*WHAT THIS TASK INVOLVES:*
Nothing but the pictures is dropped; write out all the remaining data below exactly.

*Records from a dataset:*
%%
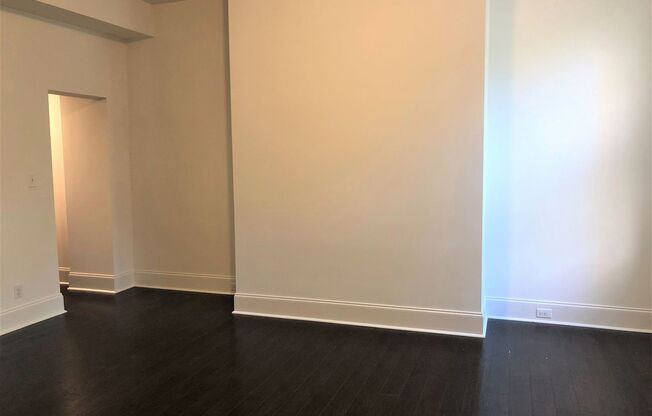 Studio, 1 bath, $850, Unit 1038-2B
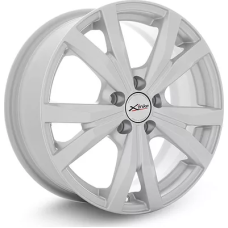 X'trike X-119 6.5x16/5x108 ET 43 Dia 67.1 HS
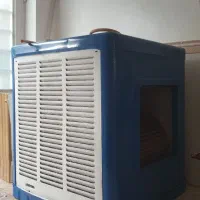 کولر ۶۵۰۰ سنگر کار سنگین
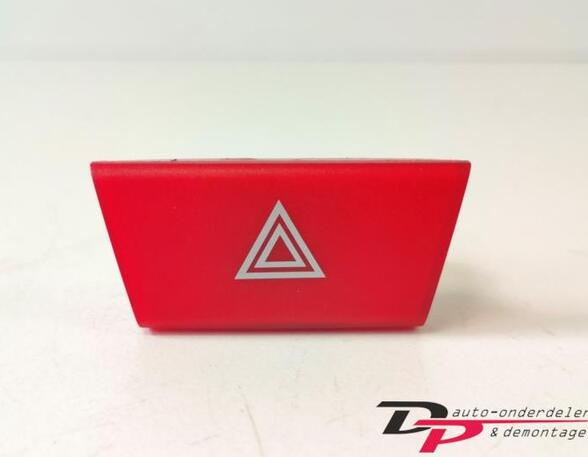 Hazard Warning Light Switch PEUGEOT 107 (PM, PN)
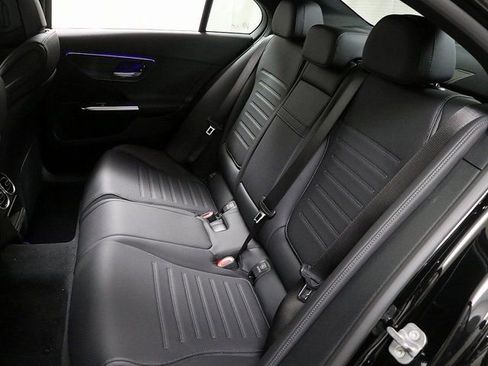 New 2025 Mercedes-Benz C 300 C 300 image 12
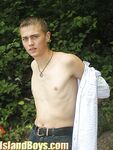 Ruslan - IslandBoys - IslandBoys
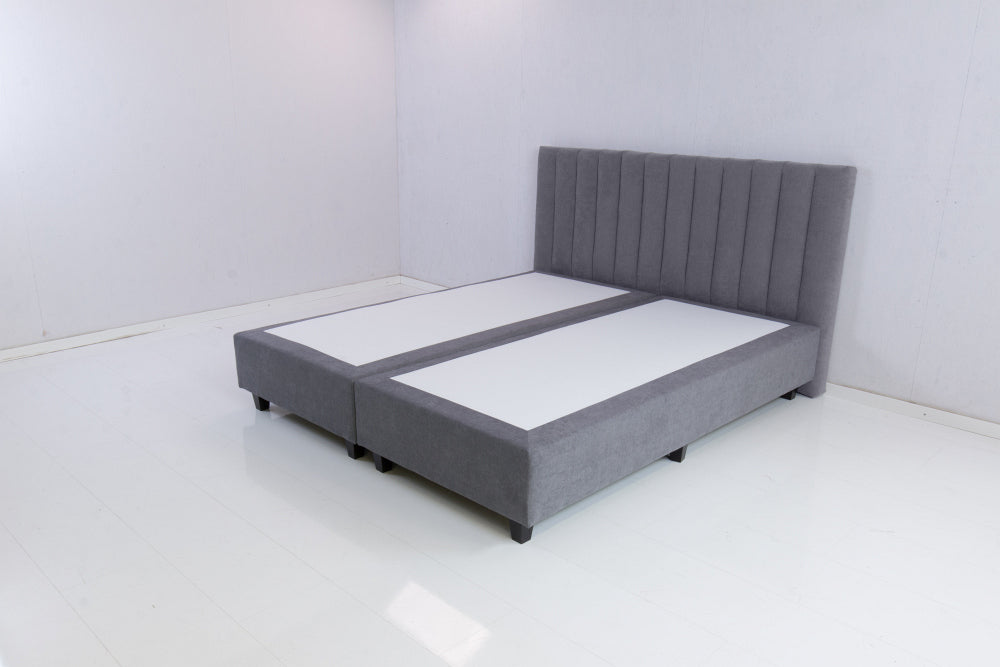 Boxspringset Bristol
%%
*TASK OUTPUT:*
 Studio, 1 bath, $850, Unit 1038-2B
 X'trike X-119 6.5x16/5x108 ET 43 Dia 67.1 HS
 کولر ۶۵۰۰ سنگر کار سنگین
 Hazard Warning Light Switch PEUGEOT 107 (PM, PN)
 New 2025 Mercedes-Benz C 300 C 300 image 12
 Ruslan - IslandBoys - IslandBoys
 Boxspringset Bristol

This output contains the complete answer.